INFORMATION PROVIDED ->
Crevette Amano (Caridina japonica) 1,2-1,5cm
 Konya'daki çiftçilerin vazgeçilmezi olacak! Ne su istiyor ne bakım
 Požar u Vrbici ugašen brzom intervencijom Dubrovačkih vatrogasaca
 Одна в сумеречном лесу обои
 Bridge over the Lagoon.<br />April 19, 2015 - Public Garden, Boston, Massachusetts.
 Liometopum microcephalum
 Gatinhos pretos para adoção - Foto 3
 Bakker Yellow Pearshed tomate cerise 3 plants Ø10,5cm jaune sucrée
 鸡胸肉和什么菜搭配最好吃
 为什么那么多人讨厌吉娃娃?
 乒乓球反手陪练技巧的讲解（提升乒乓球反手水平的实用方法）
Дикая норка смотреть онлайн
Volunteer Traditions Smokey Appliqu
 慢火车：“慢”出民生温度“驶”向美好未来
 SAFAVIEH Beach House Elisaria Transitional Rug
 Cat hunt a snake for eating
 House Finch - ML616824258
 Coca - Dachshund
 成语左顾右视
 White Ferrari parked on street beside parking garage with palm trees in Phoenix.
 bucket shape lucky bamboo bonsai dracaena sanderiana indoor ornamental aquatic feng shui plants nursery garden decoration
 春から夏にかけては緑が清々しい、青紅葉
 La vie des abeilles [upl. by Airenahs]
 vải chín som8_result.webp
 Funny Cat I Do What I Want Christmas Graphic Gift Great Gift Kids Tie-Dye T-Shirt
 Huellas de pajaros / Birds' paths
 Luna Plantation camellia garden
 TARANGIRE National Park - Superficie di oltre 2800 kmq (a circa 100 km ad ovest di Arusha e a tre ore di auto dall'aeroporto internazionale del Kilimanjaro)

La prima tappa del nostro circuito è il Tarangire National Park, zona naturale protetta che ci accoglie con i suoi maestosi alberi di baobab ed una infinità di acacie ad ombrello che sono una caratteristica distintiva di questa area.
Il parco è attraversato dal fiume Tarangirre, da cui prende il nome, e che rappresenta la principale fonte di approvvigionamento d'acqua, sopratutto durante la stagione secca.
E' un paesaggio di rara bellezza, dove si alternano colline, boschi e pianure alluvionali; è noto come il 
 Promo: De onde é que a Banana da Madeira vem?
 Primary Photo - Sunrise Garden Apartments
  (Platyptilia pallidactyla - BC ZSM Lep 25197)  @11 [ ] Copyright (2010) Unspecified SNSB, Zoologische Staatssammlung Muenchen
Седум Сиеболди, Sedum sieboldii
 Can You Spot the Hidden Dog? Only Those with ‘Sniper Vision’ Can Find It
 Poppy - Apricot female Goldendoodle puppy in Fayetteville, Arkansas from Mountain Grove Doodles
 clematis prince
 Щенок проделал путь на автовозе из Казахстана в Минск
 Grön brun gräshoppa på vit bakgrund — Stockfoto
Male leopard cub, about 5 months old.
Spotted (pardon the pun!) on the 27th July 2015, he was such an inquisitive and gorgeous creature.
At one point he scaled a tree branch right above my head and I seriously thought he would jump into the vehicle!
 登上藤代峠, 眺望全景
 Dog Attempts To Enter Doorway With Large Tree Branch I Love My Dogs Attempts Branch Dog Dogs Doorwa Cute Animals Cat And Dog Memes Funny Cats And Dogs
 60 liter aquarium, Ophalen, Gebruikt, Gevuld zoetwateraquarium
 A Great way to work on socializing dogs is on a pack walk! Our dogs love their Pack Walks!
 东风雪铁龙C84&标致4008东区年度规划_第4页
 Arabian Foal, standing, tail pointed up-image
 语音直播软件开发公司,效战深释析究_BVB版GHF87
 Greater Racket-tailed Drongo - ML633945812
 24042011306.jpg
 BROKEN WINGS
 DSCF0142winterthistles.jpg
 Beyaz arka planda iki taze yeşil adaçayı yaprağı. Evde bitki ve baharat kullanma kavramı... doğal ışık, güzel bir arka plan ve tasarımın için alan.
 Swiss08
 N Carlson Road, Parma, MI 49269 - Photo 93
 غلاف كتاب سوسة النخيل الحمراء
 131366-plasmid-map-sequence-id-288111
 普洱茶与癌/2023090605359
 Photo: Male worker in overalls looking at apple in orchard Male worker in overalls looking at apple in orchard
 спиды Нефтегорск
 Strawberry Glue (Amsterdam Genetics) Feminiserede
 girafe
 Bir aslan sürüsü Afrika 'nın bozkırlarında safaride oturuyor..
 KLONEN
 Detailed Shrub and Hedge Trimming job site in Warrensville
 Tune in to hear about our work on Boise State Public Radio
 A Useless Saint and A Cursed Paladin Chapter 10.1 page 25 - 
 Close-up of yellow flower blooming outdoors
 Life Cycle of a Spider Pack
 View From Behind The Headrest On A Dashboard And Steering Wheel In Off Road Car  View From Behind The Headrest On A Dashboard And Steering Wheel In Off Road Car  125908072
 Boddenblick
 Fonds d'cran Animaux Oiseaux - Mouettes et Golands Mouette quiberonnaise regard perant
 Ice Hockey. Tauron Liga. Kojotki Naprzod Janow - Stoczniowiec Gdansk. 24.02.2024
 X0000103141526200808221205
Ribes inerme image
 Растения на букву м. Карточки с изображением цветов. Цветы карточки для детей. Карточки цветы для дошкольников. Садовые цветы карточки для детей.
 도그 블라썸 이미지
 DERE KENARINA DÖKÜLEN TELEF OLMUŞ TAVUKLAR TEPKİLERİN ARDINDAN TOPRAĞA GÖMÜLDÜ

ASSIGNMENT -> Produce a word-for-word copy of everything above from the line holding "Bir aslan sürüsü" down to the line holding "Life Cycle of a Spider Pack", with both of those lines kept.

SOLVED EXERCISE ->
 Bir aslan sürüsü Afrika 'nın bozkırlarında safaride oturuyor..
 KLONEN
 Detailed Shrub and Hedge Trimming job site in Warrensville
 Tune in to hear about our work on Boise State Public Radio
 A Useless Saint and A Cursed Paladin Chapter 10.1 page 25 - 
 Close-up of yellow flower blooming outdoors
 Life Cycle of a Spider Pack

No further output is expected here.